What you have to do =
The output should be the listing below, limited to the lines from the one with "Sports car with a seafoam green car wrap" through the one with "Picture: Jonathan Gawthorpe", exact and without pictures.

Dataset extract =

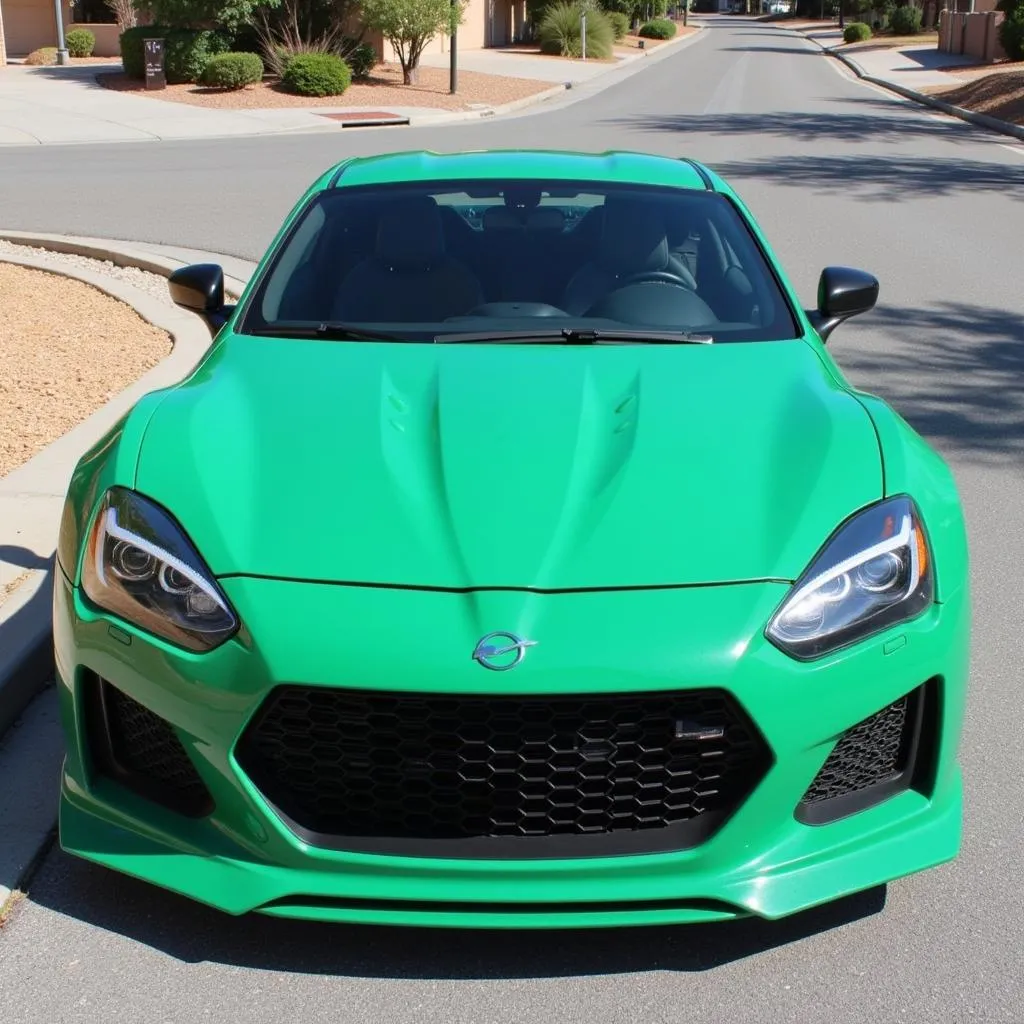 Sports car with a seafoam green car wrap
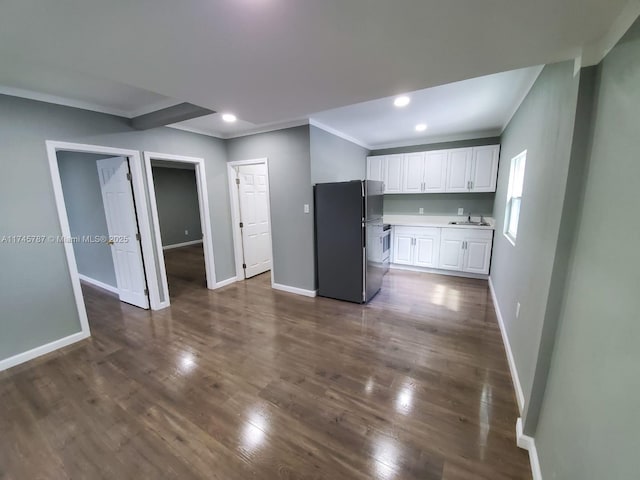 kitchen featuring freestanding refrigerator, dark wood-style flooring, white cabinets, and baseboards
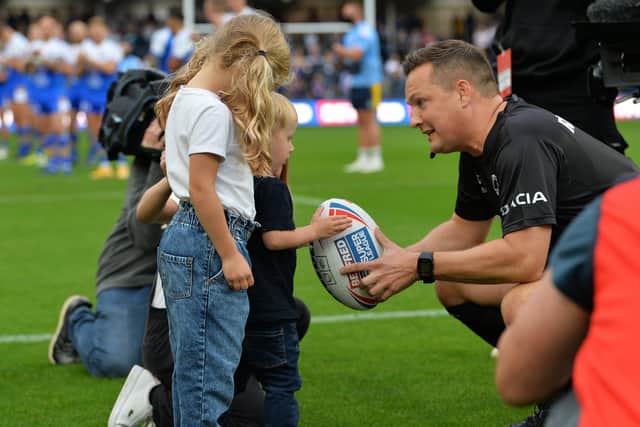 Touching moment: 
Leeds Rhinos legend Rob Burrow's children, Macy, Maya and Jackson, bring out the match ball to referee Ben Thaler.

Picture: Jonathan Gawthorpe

==

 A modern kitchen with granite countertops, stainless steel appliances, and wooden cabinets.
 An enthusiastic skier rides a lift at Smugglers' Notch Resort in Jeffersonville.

Reply =
 Sports car with a seafoam green car wrap
 kitchen featuring freestanding refrigerator, dark wood-style flooring, white cabinets, and baseboards
 Touching moment: 
Leeds Rhinos legend Rob Burrow's children, Macy, Maya and Jackson, bring out the match ball to referee Ben Thaler.

Picture: Jonathan Gawthorpe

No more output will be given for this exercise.